Can you also provide:
iPhone App Version version
Camera Model
Camera Firmware version
thanks
@StayFrosty As soon as I get the logs, I can forward them on for you
Create a Device Log from the Owner of the Cameras Streaming Device
I’m trying to figure out do create the device logs from the App - but coming up empty.
Under “settings” → “wyze support” I found “Submit a Log” but that seems to assume I have a log to submit - and I need to create one somehow…
I did a search on the forum - and the closest info I could find for creating logs is:
I’m guessing you want what is termed in this old post as an “app log” but it sounds like the App generates and submits it automatically - so I can’t download it and attach it here like you request.
If you can give me the instructions on how to generate the logs - I can do so on both of my devices (phones)
Are you requesting the log that gets dumped on the SD card (according to this post from 2018)?
Go to Account, Wyze Support, Submit Log. Scroll to the bottom and go to Account and Services, then select Sharing. Enter the info and submit the log
Go to the device you removed and Live Stream it, select the Gear at the Top Right, scroll to the bottom and select Wyze Support, Select Submit Log, Select other, then Submit the log.
Please enter the logs here identified with which one is which.
Then do the same for the account you shared it with. and post the result here.
Note: I tested the removal of a share while it was being streamed. The Camera did continue to stream even when the camera share was removed. once I stopped streaming the page refreshed and the camera was gone. So I could not stream again.
I don’t seem to have the “Account and Services” under “Submit Log”
Attached is a screen shot of what I do have.
(iPhone - latest version of the Wyze App)
When submitting a log - I assume it’s being sent directly to Wyze - so I’m not sure what I am supposed do with this step:
“Please enter the logs here identified with which one is which.”
When you submit a log - are you given some sort of Identifier I can reply with?
If you’re saying you navigated away from the camera that was previously shared - and now you can’t see it again - that is exactly what I described in my opening post
As long as the other user doesn’t leave the camera view - they can view the now non-shared camera seemingly forever.
I just need guidance on how to submit the account log and I’ll then submit all of the logs as requested.
I just realized that this step will break the stream - since I have to navigate away from the camera view for the “account and services” log (which is missing from my App) and then I obviously can’t submit a log from the current stream - since the camera view is no longer accessible.
The problem was and still is, the issue when the other user doesn’t navigate away from the stream.
Yes.
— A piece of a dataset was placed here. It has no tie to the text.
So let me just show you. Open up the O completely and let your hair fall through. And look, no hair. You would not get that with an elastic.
The app uploads the log it creates to an area that Wyze can reference the information, and then the user (you) are presented with a log number that you can post that number here in a reply to @spamoni. That number once provided to the engineers or developers will allow then to reference and access the log you provided.
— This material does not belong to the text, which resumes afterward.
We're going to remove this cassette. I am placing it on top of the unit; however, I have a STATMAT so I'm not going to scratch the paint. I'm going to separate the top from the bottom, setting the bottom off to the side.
Log numbers are different than support ticket numbers you get after an interaction with Support.
Has this issue been resolved yet? I have stopped sharing devices with people and want to make sure they cannot have access to the camera views. This is very concerning!!
“It seems even after canceling a share, as long the person who is viewing the now non-shared camera doesn’t navigate away from it - they can continue to view the camera till…?”
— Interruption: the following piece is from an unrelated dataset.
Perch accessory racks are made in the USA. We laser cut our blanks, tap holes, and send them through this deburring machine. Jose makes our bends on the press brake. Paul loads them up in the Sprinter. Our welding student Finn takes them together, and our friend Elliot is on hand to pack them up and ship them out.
Is “navigating away from” different from “refreshing?” What I mean is, could you bookmark a page and then revisit the page anytime you want? I’ve bought most of my cameras from Wyze’s ebay account which are refurbished. I know that would be a lot of work but would it be possible to “share” and then bookmark all of those addresses to later access? Or would it eventually time out or lose connection if refreshed or restarted?